Despite losing starting pitcher Johnny Cueto mid-way through the second hitter of the game to an apparent back injury, the Reds were able to limit the Giants offense to just two runs. Dusty Baker went to Sam LeCure to get through the remainder of the first two innings before turning to scheduled Game 3 starter Mat Latos for four innings of work.
Baker's bullpen use stymied the Giants offense. The Giants' best opportunity to take control of the game came in the second inning when Brandon Belt drew a two-out walk and Gregor Blanco followed with a double. Center fielder Drew Stubbs was able to cut the ball off in the gap to keep Belt from scoring. Baker then intentionally walked Brandon Crawford to get to Matt Cain, who hit a line drive right at right fielder Jay Bruce to end the threat.
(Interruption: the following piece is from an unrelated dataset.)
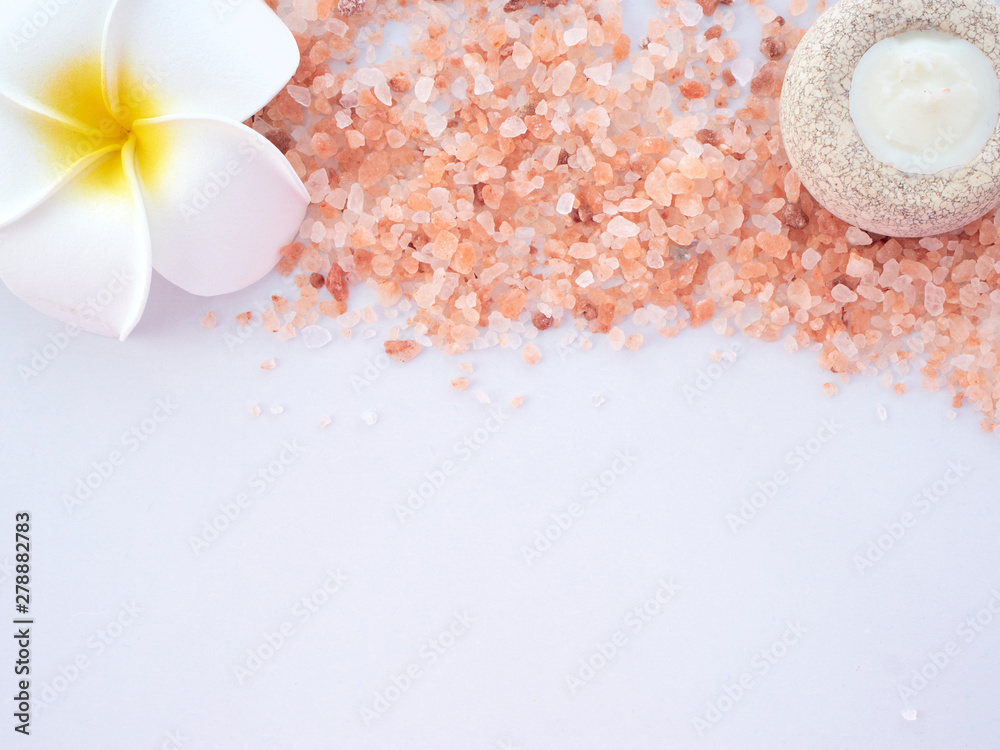 Himalayan pink salt with scented candles Himalayan pink salt with scented candles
The Giants again hit into bad luck in the fourth. After Hunter Pence led off with an infield single, Belt crushed a line drive right at Joey Votto for a rally-killing double play.
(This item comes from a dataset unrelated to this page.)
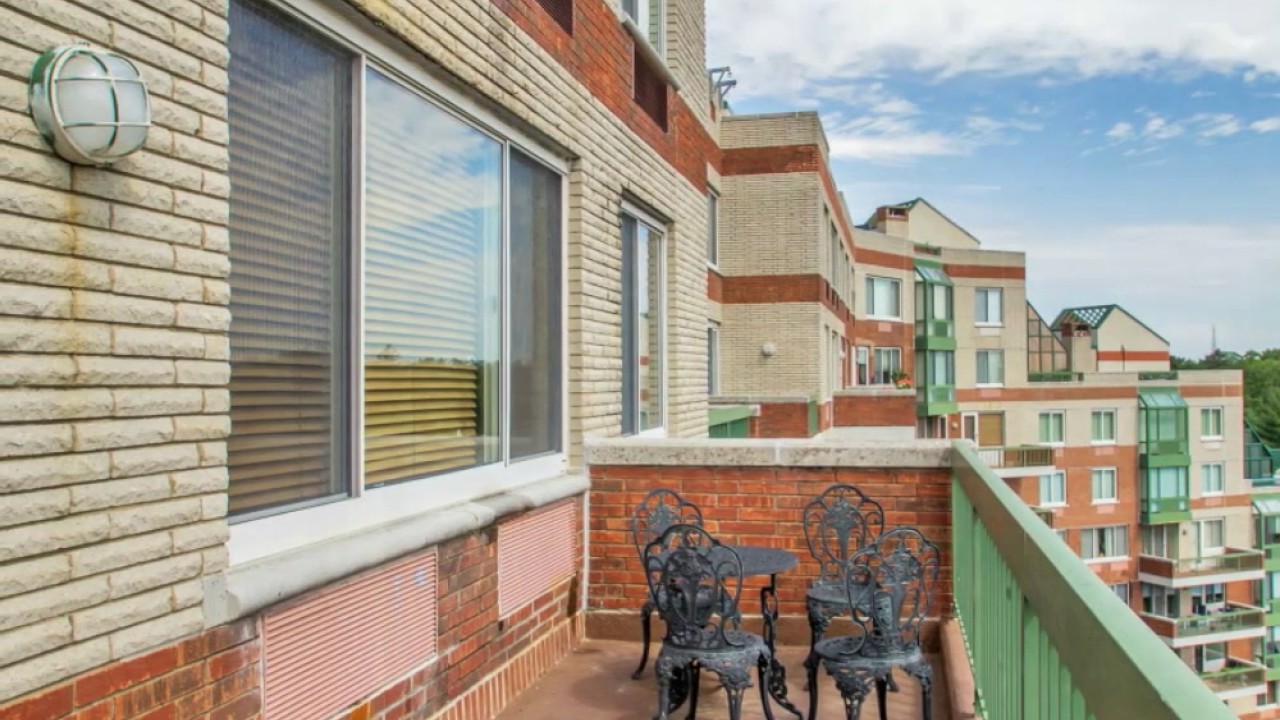 100 Hilton Avenue, Garden City, NY 11530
The breaks didn't go the Giants' way in their Game 1 loss. With only one home game left, they'll somehow have to win three of the next four games in this series to advance. The odds have shifted strongly into the Reds favor now that they have a 1-0 lead to go with their home field advantage.
Let's take a look at the grades for Game 1.
Baker's shrewd move to go with Latos on short rest out of the bullpen keyed the Reds victory.
Latos wasn't dominant. In his four innings of work, he only induced one strikeout. However, he was able to limit the damage to four hits, one walk, and one run on a Buster Posey solo homer.
Sam LeCure, who initially relieved the injured Cueto, allowed three base-runners in 1.2 innings of work, but stranded them all.
The Reds' vicious back-end trio of Sean Marshall, Jonathan Broxton and Aroldis Chapman shut the door on the Giants. All told, the Reds received 8.2 innings of two-run ball from their outstanding bullpen, which ranked first in all of baseball with a 2.65 ERA during the regular season.
It wasn't that Cain necessarily pitched poorly. However, the mistakes he made were costly. He hung a curve to Brandon Phillips that was blasted for the go-ahead two-run homer, ultimately the biggest moment in the game. Cain couldn't have placed the ball in a fatter position if he had walked the ball up to the plate and put it on a tee. Even worse, he got beat on the curve, which is the worst pitch in his arsenal.
Rookie reliever George Kontos delivered two perfect innings of work to keep it close for the Giants, but one-time closer Santiago Casilla yielded two runs in his lone inning of work in the ninth inning to allow the Reds to blow the game open, which loomed particularly large when Chapman let the Giants back in the game in the bottom of the inning.
Jay Bruce (2-for-4, double, home run, RBI, run) and Brandon Phillips, (3-for-4, two singles, home run, three RBI, run) led the way for the Reds, who knocked out the Giants number one starter after just five innings.
The Giants hit into a ton of bad luck, which cost them the game. It's tough to fault them for their effort, however.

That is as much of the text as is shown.